计算机应用 ›› 2010, Vol. 30 ›› Issue (3): 810-812.

• 数据库与数据挖掘 • 上一篇    下一篇

全最小一乘准则下的LGA新算法

曹慧荣1,方杰2   

  1. 1. 廊坊师范学院数信学院
    2. 廊坊师范学院 数学与信息科学学院
  • 收稿日期:2009-09-23 修回日期:2009-11-27 发布日期:2010-03-14 出版日期:2010-03-01
  • 通讯作者: 曹慧荣
  • 基金资助:
    河北省教育厅自然科学研究项目

New linear grouping algorithm based on total least absolute deviation criteria

  • Received:2009-09-23 Revised:2009-11-27 Online:2010-03-14 Published:2010-03-01
  • Contact: rong huicao

摘要: 为克服传统提取数据集中线性结构的LGA对噪声数据比较敏感的缺陷,提出了两种基于稳健的全最小一乘准则下的LGA新算法。首先证明了全最小一乘准则下数据集最优划分的存在性,并据此给出一种有限步终止算法。其次为提高计算速度,根据k-means算法、全最小一乘准则和重抽样方法给出另一种快速收敛算法。通过与传统的LGA和基于Trimmed k-means思想的稳健LGA的比较,仿真结果表明提出的算法具有较好的稳健性,可以在离群数据较多的情形下,同时找出数据集合中的所有强线性结构。

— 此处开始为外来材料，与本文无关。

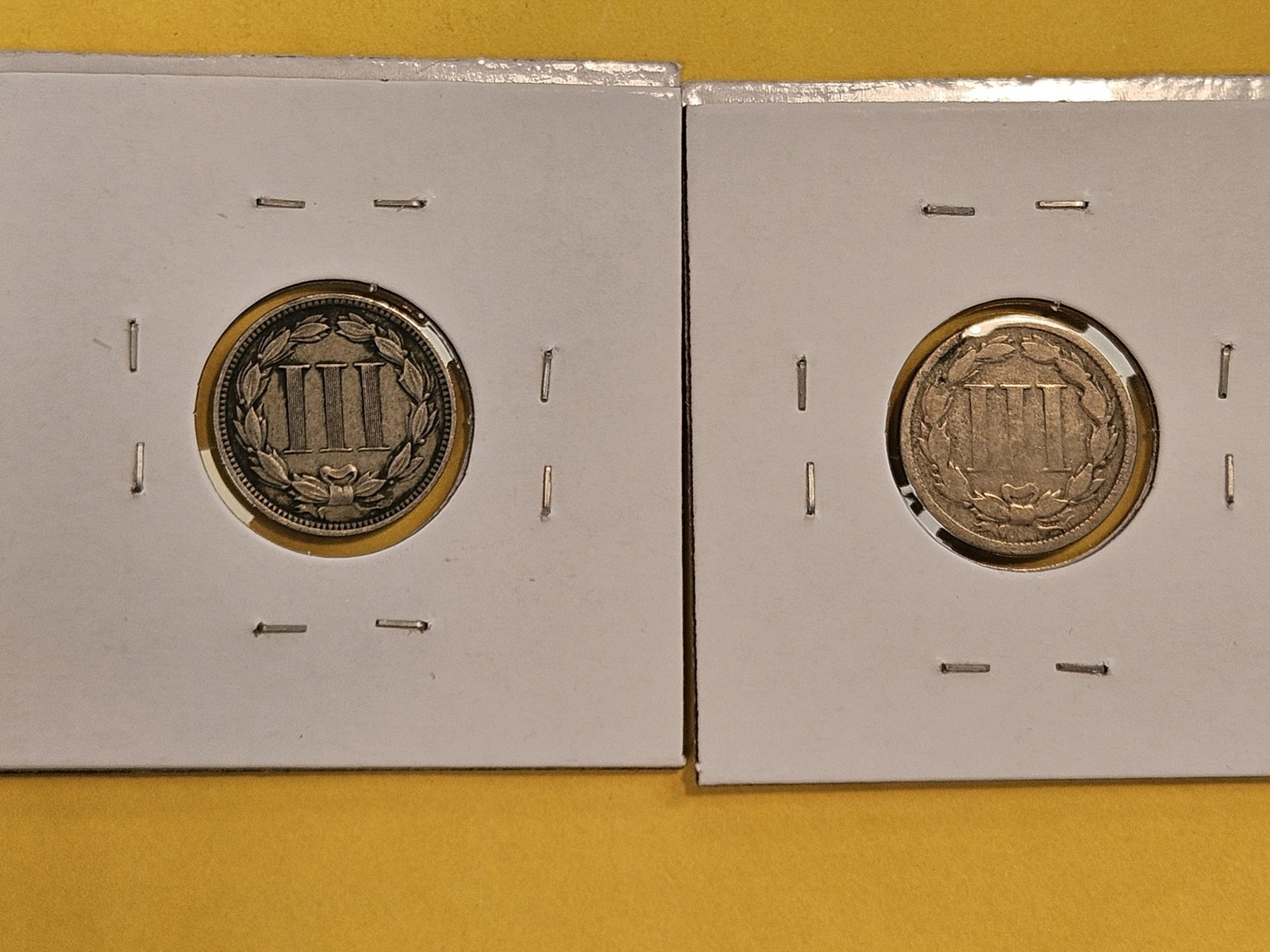 1881 and 1865 Three Cent Nickels - 3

关键词: LGA, 全最小一乘, 稳健性, 聚类分析

Abstract: To overcome the drawback that the traditional Linear Grouping Algorithm (LGA), when extracting linear structures, is sensitive to outliers in datasets, a new finite step according to existence of optimal linear grouping in data set and a new algorithm based on k-means clustering, total least absolute deviation and resampling were proposed, which detected several different linear relations at once to minimize the total orthogonal distances from n given points to its nearest hyperplanes. Finally, by comparison with linear grouping algorithm and robust linear grouping algorithm based on impartial trimmed k-means, the proposed algorithms are more robust and can detect all strong linear structures in datasets including a lot of outliers.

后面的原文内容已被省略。